Single by Jessie Murph

from the album Drowning
- Released: February 18, 2022
- Length: 2:26
- Label: Columbia
- Songwriters: Jessie Murph; Jenna Andrews; Gabe Simon; Felicia Ferraro; Stephen Kirk;
- Producers: Andrews; Simon; Kirk; Chris Allgood;

Jessie Murph singles chronology
| "Always Been You" (2021) | "Pray" (2022) | "I Would've" (2022) |

Music video
- "Pray" on YouTube

= Pray (Jessie Murph song) =

2022 single by Jessie Murph

"Pray" is a song by American singer-songwriter Jessie Murph, released on February 18, 2022, as the second single from her debut mixtape Drowning (2023). It was produced by Jenna Andrews, Gabe Simon, Stephen Kirk and Chris Allgood. The song peaked at number 95 on the Billboard Hot 100.

==Background==
Prior to its release, Jessie Murph had been teasing the song on the video-sharing platform TikTok, leading it to be used in nearly 100,000 videos.

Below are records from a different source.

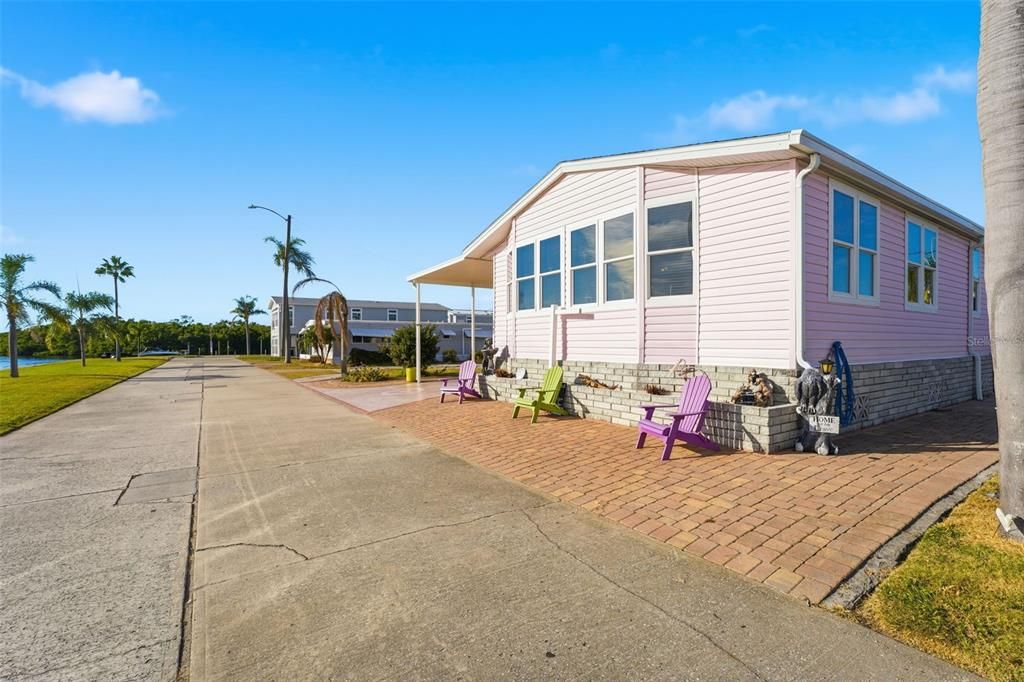 For Sale: $750,000 (3 beds, 2 baths, 1948 Square Feet)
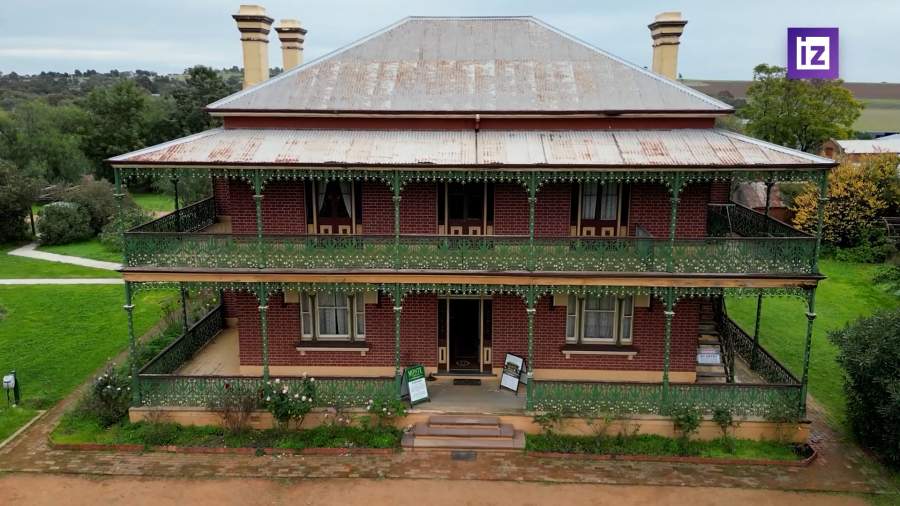 140-летний дом с привидениями выставлен на продажу в Австралии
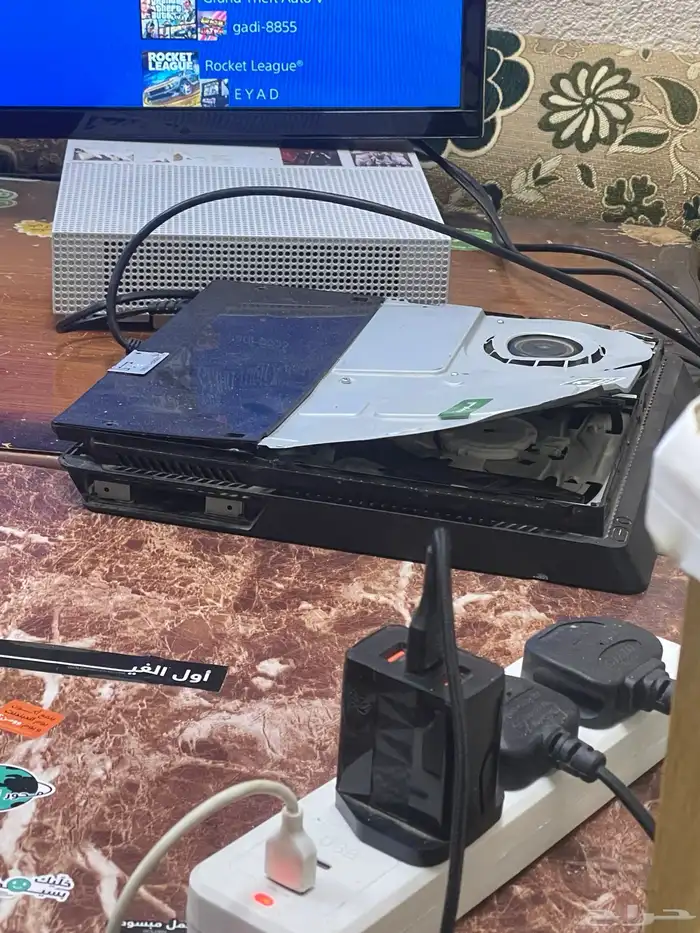 سوني فور مع شاشه 0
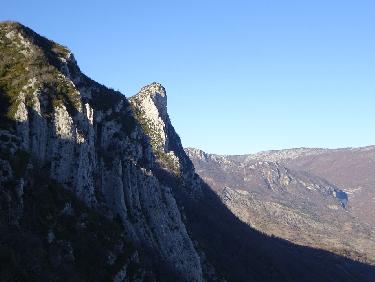 le roc de l&apos;Aigle vu du rocher de Pierre Impie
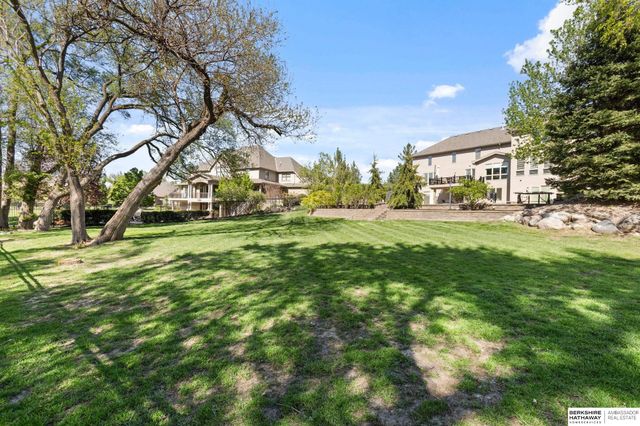 1424 N 187th Street, Omaha, NE 68022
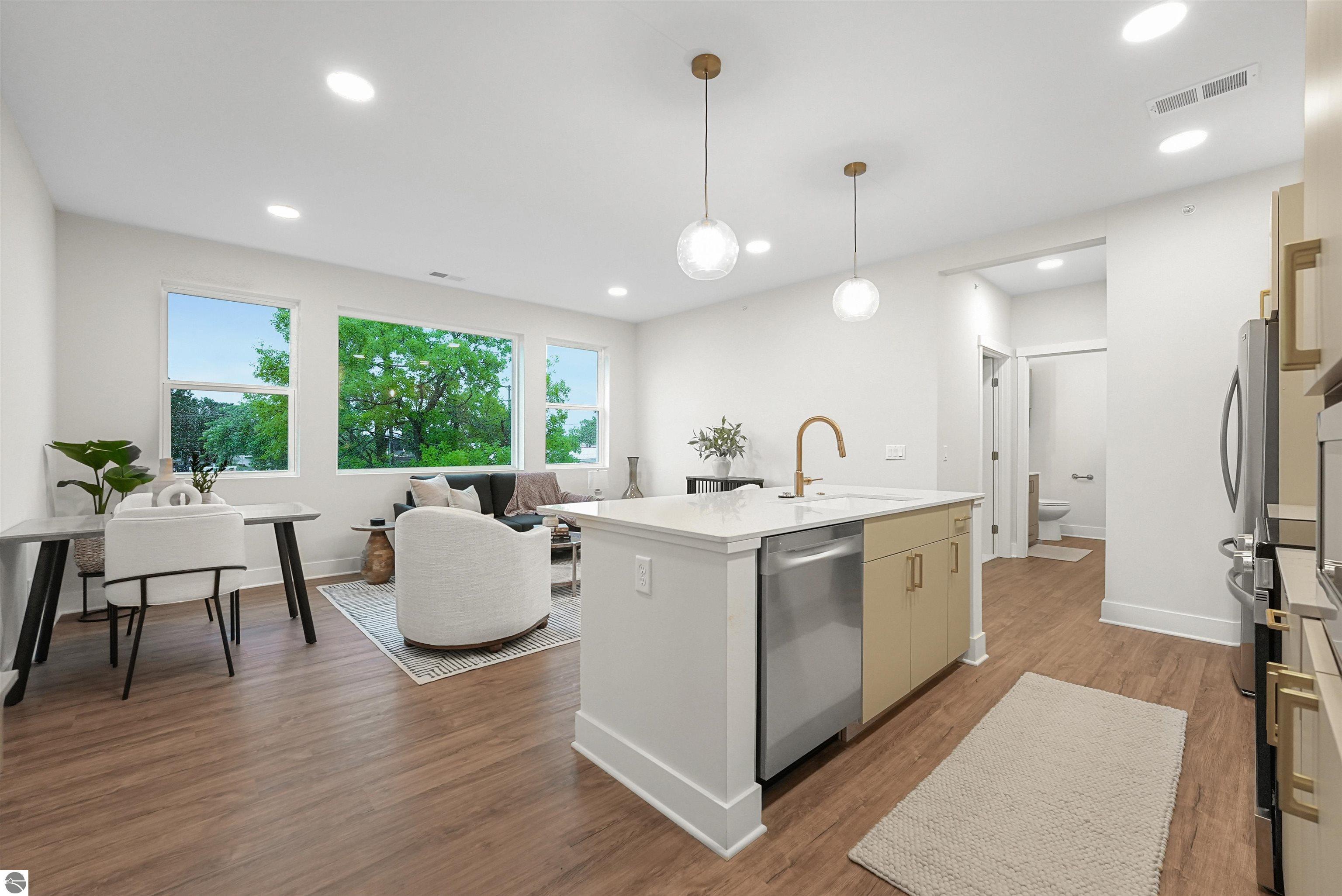 1109 S Carver Street # 2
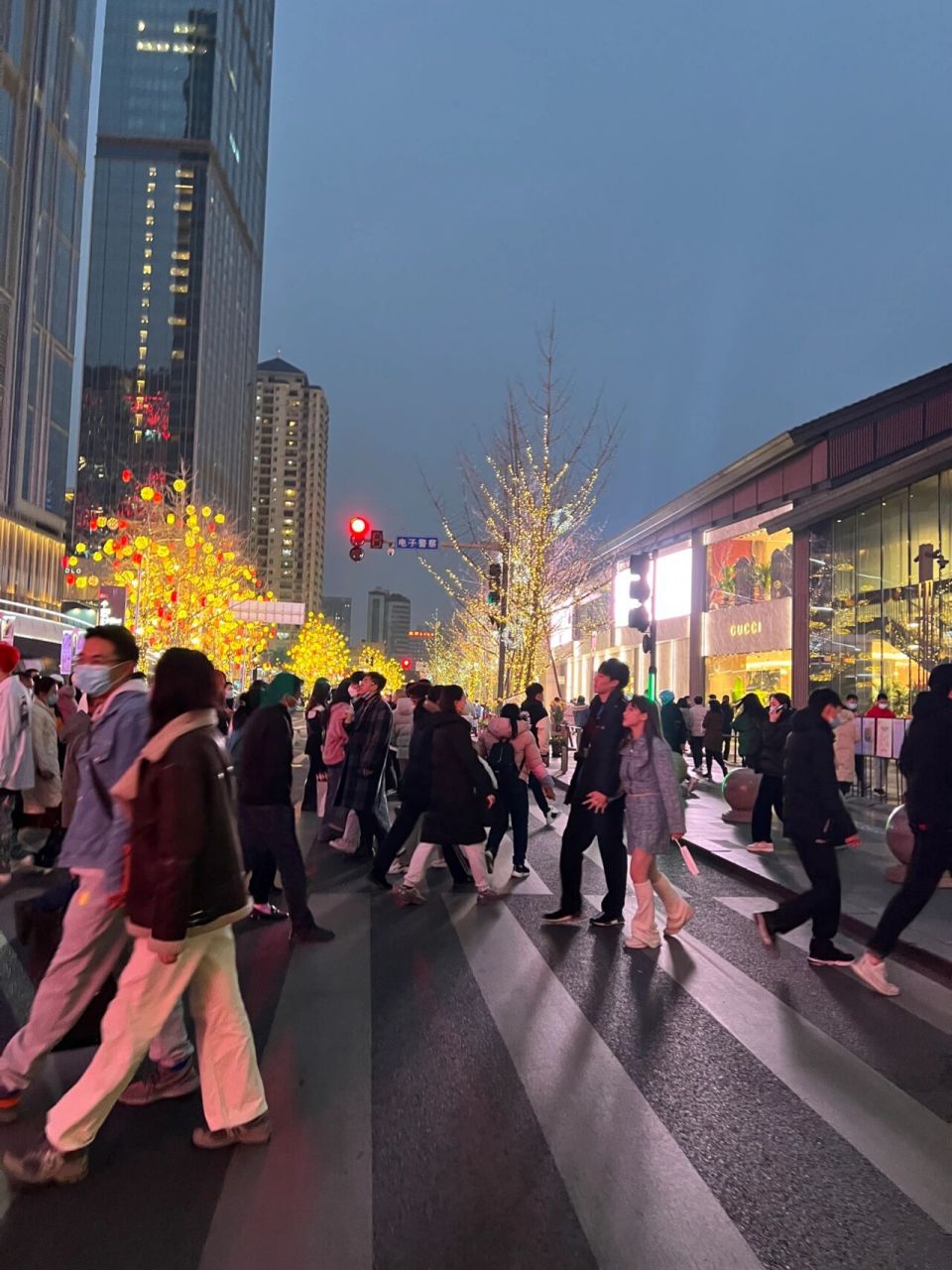 不得不说成都的美女真的太多啦,时尚潮人聚集地,太古里街道随处可见的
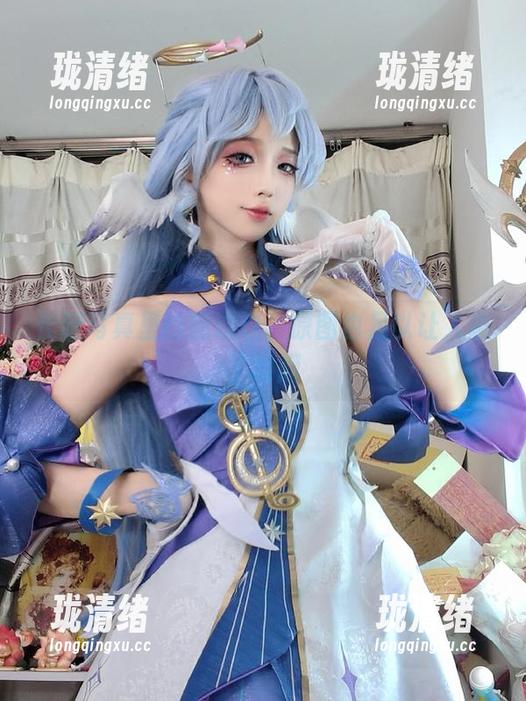 长腿写真里的狐玖玖，原图也足以让人忘了时间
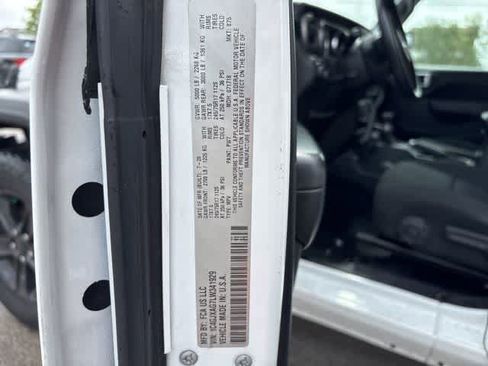 Used 2020 Jeep Wrangler Sport AWD/4WD image 23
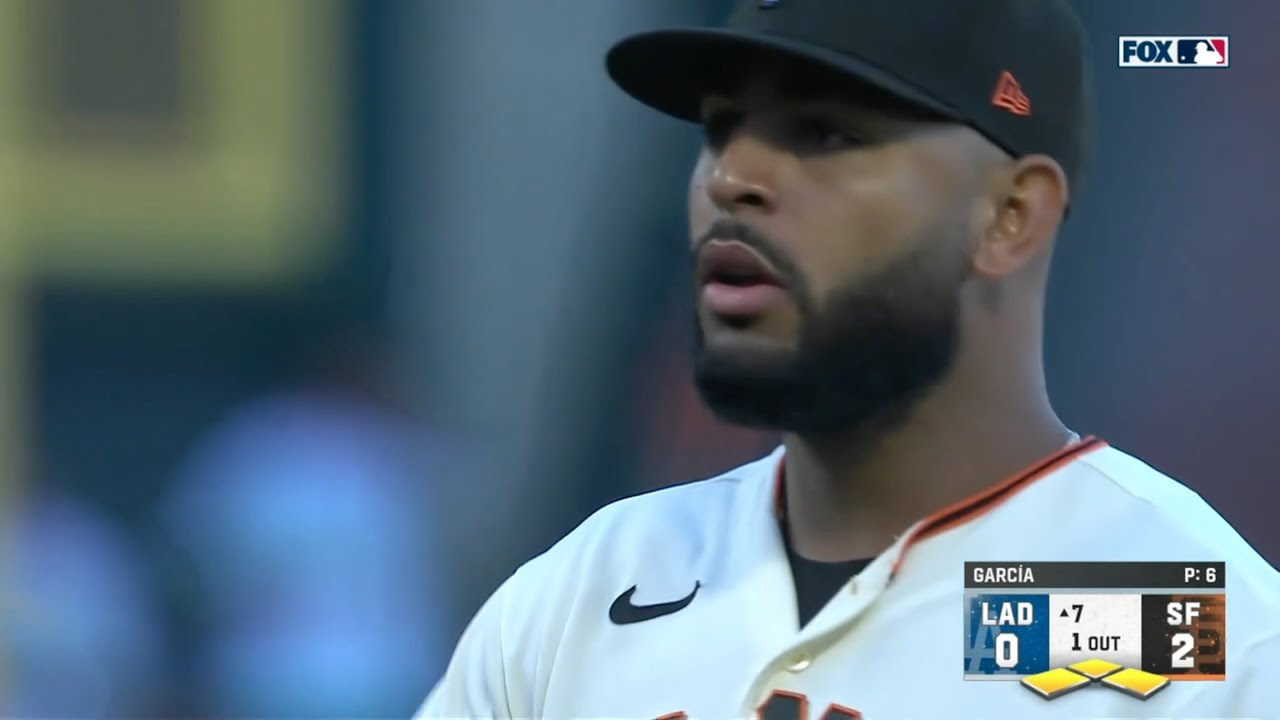 Giants pitchers pitching out of bases loaded nobody out jams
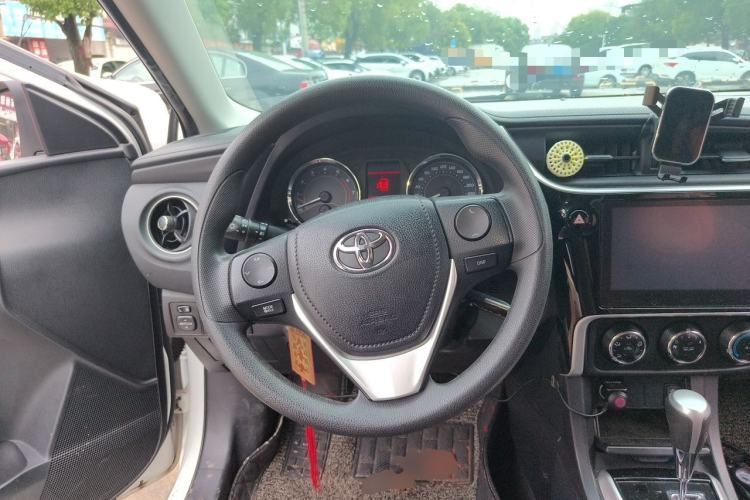 Used Toyota Corolla 2017 Revised Version 1.2T S-CVT GL-i Steering Wheel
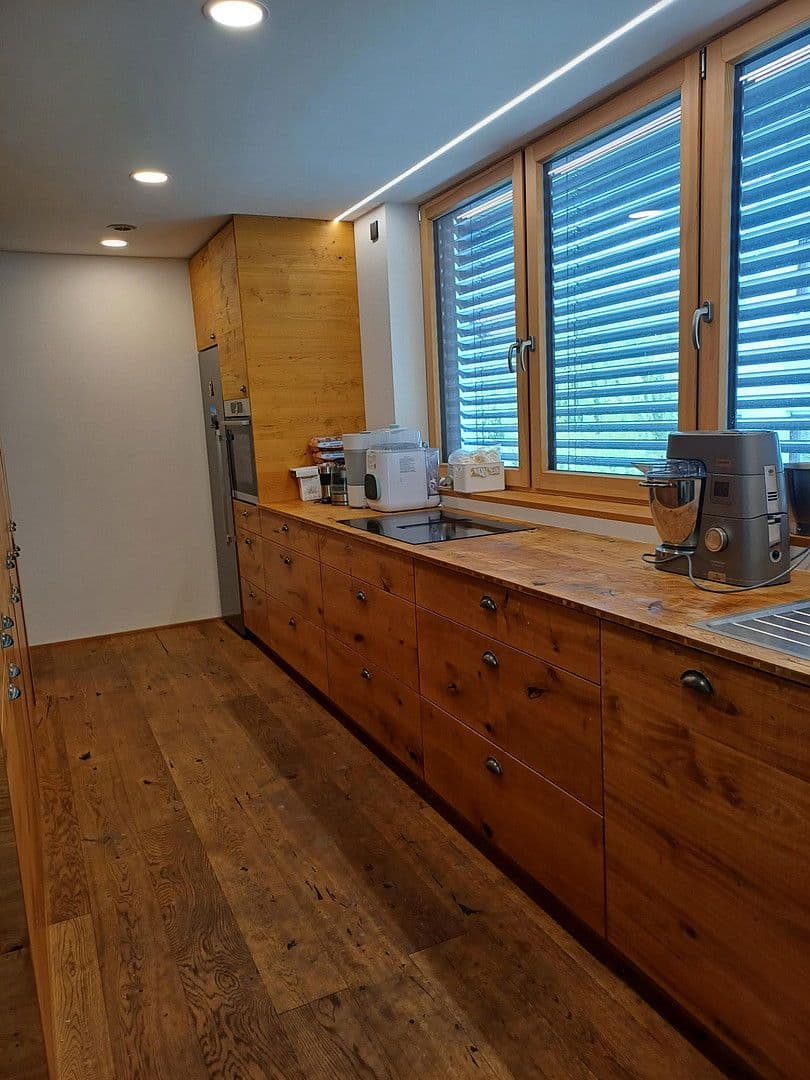 Prodej domu 243 m², pozemek 786 m², Hochbergweg1, Weilheim an der Teck, Bádensko-Württembersko Prodej domu 243 m², pozemek 786 m², Hochbergweg1, Weilheim an der Teck, Bádensko-Württembersko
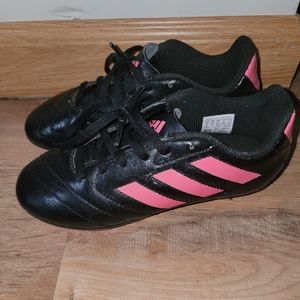 Girls size 2 adidas soccer Cleats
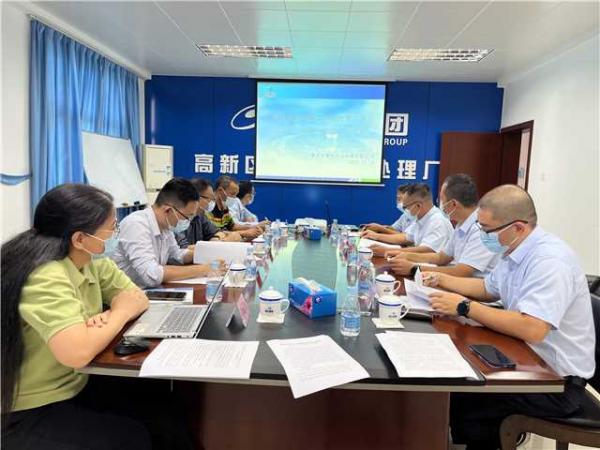 圖3.肇水集團(tuán)外部董事聽取肇慶市肇水污水處理有限公司鄧煉毅經(jīng)理匯報(bào)污水公司總體規(guī)模及經(jīng)營分析.jpg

With respect to the song, Murph has stated:

It's so important to me to be open and vocal about everything I'm going through. I always want to be honest with my fans and provide them with an outlet and music that they can relate to so they never feel alone. I'm so grateful for this community we're all building together.

In an interview with Notion, she said about the response to the song, "Honestly, it's been really comforting. I did write it about such an intense subject, but so many people relate. It's just been kind of crazy. A little overwhelming, but in a good way."

==Composition==
In the song, Jessie Murph reflects on her troubled past and darkest moments, including experiencing depression and her relationship with her father, singing with an extensive vocal range.

==Charts==

Chart performance for "Pray"
| Chart (2022) | Peak position |
|---|---|
| Canada Hot 100 (Billboard) | 70 |
| Global 200 (Billboard) | 137 |
| Ireland (IRMA) | 35 |
| Netherlands (Single Tip) | 10 |
| New Zealand Hot Singles (RMNZ) | 3 |
| Norway (VG-lista) | 9 |
| Sweden Heatseeker (Sverigetopplistan) | 3 |
| UK Singles (Official Charts) | 66 |
| US Billboard Hot 100 | 95 |

==Certifications==

Certifications for "Pray"
| Region | Certification | Certified units/sales |
| Australia (ARIA) | Platinum | 70,000^{‡} |
| Canada (Music Canada) | Platinum | 80,000^{‡} |
| New Zealand (RMNZ) | Gold | 15,000^{‡} |
| United Kingdom (BPI) | Silver | 200,000^{‡} |
| United States (RIAA) | Platinum | 1,000,000^{‡} |
^{‡} Sales+streaming figures based on certification alone.